[Start of section]

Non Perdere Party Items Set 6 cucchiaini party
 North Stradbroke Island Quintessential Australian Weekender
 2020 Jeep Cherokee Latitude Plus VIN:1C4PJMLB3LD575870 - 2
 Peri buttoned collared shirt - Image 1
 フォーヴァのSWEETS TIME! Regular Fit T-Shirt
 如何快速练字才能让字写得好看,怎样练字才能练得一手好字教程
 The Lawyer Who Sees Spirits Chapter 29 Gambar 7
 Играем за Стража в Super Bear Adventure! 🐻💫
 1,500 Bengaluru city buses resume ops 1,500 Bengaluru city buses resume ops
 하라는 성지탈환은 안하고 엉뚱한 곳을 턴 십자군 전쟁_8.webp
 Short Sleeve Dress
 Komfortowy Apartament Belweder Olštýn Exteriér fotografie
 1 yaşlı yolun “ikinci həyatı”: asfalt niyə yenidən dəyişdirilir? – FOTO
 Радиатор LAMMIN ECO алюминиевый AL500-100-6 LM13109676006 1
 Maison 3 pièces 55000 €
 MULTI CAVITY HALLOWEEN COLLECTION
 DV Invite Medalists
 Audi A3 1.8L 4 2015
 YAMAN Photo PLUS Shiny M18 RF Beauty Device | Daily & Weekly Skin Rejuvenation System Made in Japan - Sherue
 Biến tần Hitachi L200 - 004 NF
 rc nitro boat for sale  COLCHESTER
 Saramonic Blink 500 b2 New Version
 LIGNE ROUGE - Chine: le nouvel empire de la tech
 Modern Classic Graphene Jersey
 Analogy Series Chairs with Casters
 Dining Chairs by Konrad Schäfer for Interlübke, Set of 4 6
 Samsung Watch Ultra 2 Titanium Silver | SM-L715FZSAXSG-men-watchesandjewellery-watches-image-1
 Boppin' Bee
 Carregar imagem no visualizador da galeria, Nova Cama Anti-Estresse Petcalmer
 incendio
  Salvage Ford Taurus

[End of section]

What you are asked to do:
All lines from the one containing "Dining Chairs by" through the end of the material should be restated exactly, with both end lines kept.

Exercise output:
 Dining Chairs by Konrad Schäfer for Interlübke, Set of 4 6
 Samsung Watch Ultra 2 Titanium Silver | SM-L715FZSAXSG-men-watchesandjewellery-watches-image-1
 Boppin' Bee
 Carregar imagem no visualizador da galeria, Nova Cama Anti-Estresse Petcalmer
 incendio
  Salvage Ford Taurus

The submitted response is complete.